:: REQUIREMENT ::
Each line from the beginning of the entries below through the line that includes "Amanda High Neck" must be returned exactly as given.

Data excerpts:
+++++

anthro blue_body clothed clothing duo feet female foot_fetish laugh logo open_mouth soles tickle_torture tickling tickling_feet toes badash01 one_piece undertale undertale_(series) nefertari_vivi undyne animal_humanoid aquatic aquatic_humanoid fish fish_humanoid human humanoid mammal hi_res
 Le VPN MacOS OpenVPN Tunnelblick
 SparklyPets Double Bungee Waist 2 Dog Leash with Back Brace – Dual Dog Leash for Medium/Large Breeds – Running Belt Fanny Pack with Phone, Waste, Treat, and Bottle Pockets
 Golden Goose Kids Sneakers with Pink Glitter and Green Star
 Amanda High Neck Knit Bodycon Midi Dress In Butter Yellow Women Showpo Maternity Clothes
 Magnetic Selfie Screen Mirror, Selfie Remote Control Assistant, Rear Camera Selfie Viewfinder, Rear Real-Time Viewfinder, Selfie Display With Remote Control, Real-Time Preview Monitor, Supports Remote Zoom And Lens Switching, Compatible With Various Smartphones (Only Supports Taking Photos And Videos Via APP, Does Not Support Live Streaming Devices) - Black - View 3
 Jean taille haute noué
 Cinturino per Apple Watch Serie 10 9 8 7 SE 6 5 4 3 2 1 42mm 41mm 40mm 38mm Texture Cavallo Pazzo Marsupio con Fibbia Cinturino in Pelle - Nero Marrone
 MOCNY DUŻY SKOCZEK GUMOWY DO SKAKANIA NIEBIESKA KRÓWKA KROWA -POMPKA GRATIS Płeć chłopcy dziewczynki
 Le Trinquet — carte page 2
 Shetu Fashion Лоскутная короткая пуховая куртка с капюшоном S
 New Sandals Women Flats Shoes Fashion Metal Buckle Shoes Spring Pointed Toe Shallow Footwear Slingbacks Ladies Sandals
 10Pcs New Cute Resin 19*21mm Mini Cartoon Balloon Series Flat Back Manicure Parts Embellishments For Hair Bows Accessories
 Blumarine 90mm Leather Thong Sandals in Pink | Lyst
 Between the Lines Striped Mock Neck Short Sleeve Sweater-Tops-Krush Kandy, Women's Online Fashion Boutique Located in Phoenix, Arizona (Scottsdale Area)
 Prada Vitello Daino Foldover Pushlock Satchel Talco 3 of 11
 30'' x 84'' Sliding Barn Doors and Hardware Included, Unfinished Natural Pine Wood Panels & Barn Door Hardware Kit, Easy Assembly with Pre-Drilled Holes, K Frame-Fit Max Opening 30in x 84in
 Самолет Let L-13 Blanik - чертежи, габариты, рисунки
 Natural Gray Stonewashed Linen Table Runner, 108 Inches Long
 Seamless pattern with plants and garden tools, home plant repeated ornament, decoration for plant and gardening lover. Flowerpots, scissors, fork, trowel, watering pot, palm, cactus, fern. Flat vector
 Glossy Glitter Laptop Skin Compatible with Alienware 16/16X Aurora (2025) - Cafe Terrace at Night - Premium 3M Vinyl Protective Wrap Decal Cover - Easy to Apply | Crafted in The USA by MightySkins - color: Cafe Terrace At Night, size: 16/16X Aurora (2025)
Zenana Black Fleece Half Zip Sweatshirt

+++++

:: RESPONSE TO THIS TASK ::
anthro blue_body clothed clothing duo feet female foot_fetish laugh logo open_mouth soles tickle_torture tickling tickling_feet toes badash01 one_piece undertale undertale_(series) nefertari_vivi undyne animal_humanoid aquatic aquatic_humanoid fish fish_humanoid human humanoid mammal hi_res
 Le VPN MacOS OpenVPN Tunnelblick
 SparklyPets Double Bungee Waist 2 Dog Leash with Back Brace – Dual Dog Leash for Medium/Large Breeds – Running Belt Fanny Pack with Phone, Waste, Treat, and Bottle Pockets
 Golden Goose Kids Sneakers with Pink Glitter and Green Star
 Amanda High Neck Knit Bodycon Midi Dress In Butter Yellow Women Showpo Maternity Clothes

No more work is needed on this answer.